Agencias Cristina Fernández ya no es presidenta de Argentina. Después de ocho años en el poder y doce de gobiernos kirchneristas, Fernández se ha despedido en un acto a las puertas de la Casa Rosada, ante miles de militantes congregados en la Plaza de Mayo que siguieron su último discurso.descarga

Su mandato ha finalizado a las 00.00 horas locales de este jueves y Fernández ha querido reflejar en sus últimas palabras como presidenta el conflictivo modo con el que conluye su gobierno y empieza el de Mauricio Macri. “A las doce me convierto en calabaza”, ha ironizado para criticar la decisión de Justicia, que ante una petición del frente Cambiemos, el partido que lidera Macri, ha determinado que desde la medianoche ya no ocupaba el cargo.

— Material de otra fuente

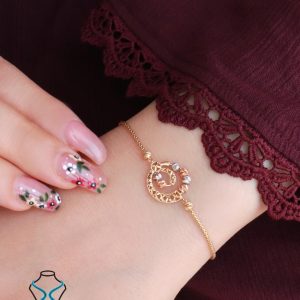 خرید دستبند طلا تیاناز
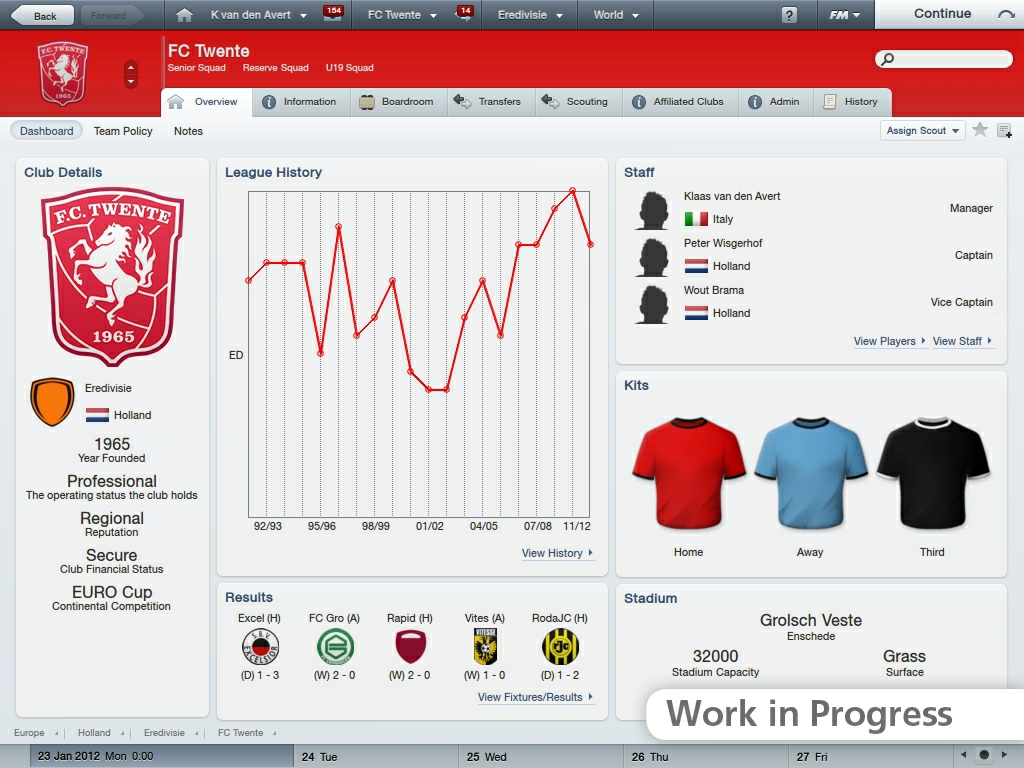 Football Manager 2012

La medida judicial habilita al presidente provisional del Senado, Federico Pinedo, integrante de Cambiemos, a ejercer temporalmente la Presidencia de Argentina hasta que Macri jure en el Congreso este jueves a las 12.00 horas locales. “En mi vida pensé que iba a haber un presidente cautelar durante doce horas en mi país”, ha indicado Fernández, al tiempo que ha asegurado le “dolió” y le “costó mucho” ver “un presidente en una sentencia judicial al que nadie había votado”.

Cambiemos acudió a la Justicia tras varios días de insólita puja entre Fernández y Macri por el sitio donde debían entregarse el bastón de mando y la banda presidencial. Mientras que la presidenta apostaba por celebrar la ceremonia en el Congreso, el nuevo mandatario prefería recibir los atributos de mando en la Casa Rosada, para así evitar la movilización kirchnerista convocada frente a la cámara legislativa.

“Me hubiera gustado poder entregar los atributos del mando ante la Asamblea, máximo órgano popular y federal de nuestro país”, ha asegurado Fernández, quien ha sentenciado que “No lo merecía ningún argentino”. Finalmente, tras la decisión judicial, Macri, ganador de las elecciones el pasado 22 de noviembre, recibirá los atributos en la Casa Rosada, como reclamaba, y se los entregará Pinedo.

Un baño de masas envuelta en la bandera argentina

Sobre un escenario envuelto con la bandera argentina y frente a miles de militantes kirchneristas que han colmado la Plaza de Mayo, Fernández ha agrecido a sus seguidores “tanta felicidad, tanta alegría y tanto amor”. “Los llevo en mi corazón y siempre voy a estar junto a ustedes”, ha señalado.

De blanco impecable, con la Casa Rosada a sus espaldas, la mandataria saliente ha explicado que después de doce años y medio del proyecto político iniciado con la llegada de su esposo y antecesor, Néstor Kirchner, al poder, puede “mirar a los ojos de todos los argentinos”. “Solo pido que quienes nos sucedan, por imperio de la voluntad popular, dentro de cuatro años, en una plaza como ésta, puedan también mirarlos a los ojos”, ha añadido.

También ha solicitado a sus seguidores tener una “actitud positiva” para ayudar a que los “avances” obtenidos por su Gobierno “no puedan ser destruidos”. Aclamada con cantos y saludada con banderas, Fernández ha cerrado su acto con un abrazo de su hijo, Máximo Kirchner, y bailando, con un estallido de fuegos artificiales a sus espaldas.

Poco antes había inaugurado, junto al presidente boliviano, Evo Morales, un busto de Néstor Kirchner (2003-2007).